Problem statement
The listing below is to be copied exactly, with pictures excluded.

Information provided
○ ○ ○ ○
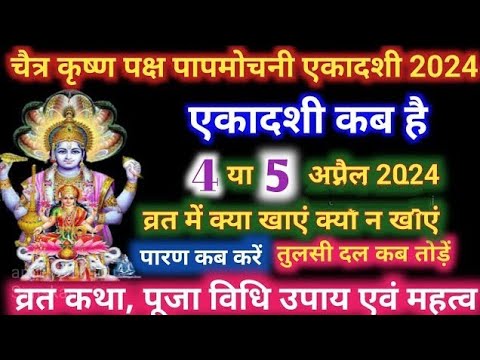 एकादशी कब है 2024 Ekadashi kab hai _ Ekadashi April 2024_ gyaras Kab Ki Hai _ Ekadashi kab ki hai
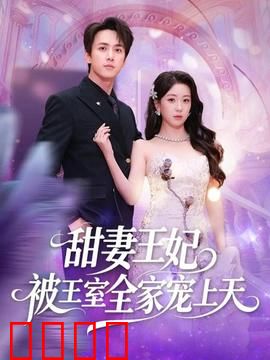 甜妻王妃被王室全家宠上天：王妃逆袭记
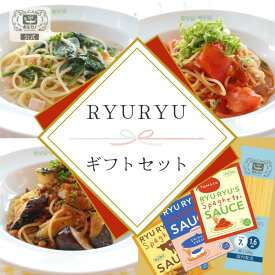 RYURYU ギフトセット 6人前 / 熨斗 対応 お歳暮 ギフト セット プチギフト 国産 パスタ パスタソース パスタセット レトルト レトルト食品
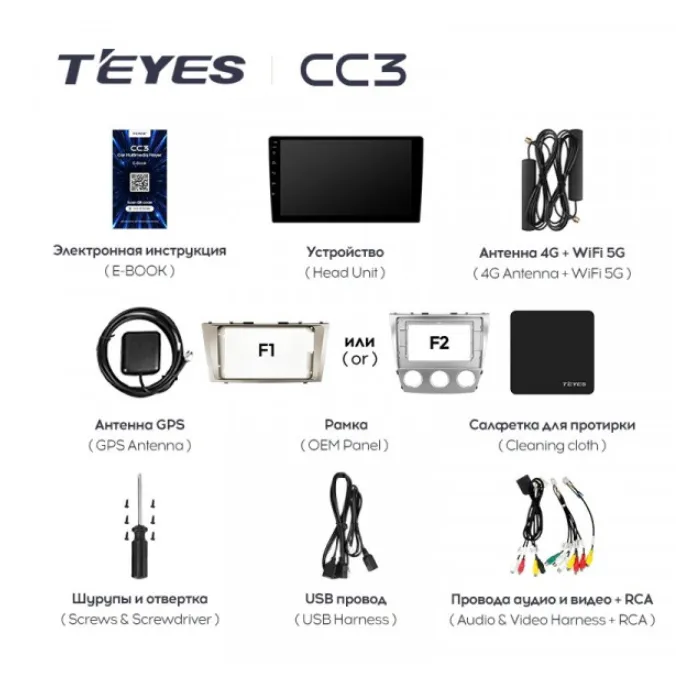 изображение_2023-06-21_203632532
○ ○ ○ ○
Result of this task
 एकादशी कब है 2024 Ekadashi kab hai _ Ekadashi April 2024_ gyaras Kab Ki Hai _ Ekadashi kab ki hai
 甜妻王妃被王室全家宠上天：王妃逆袭记
 RYURYU ギフトセット 6人前 / 熨斗 対応 お歳暮 ギフト セット プチギフト 国産 パスタ パスタソース パスタセット レトルト レトルト食品
 изображение_2023-06-21_203632532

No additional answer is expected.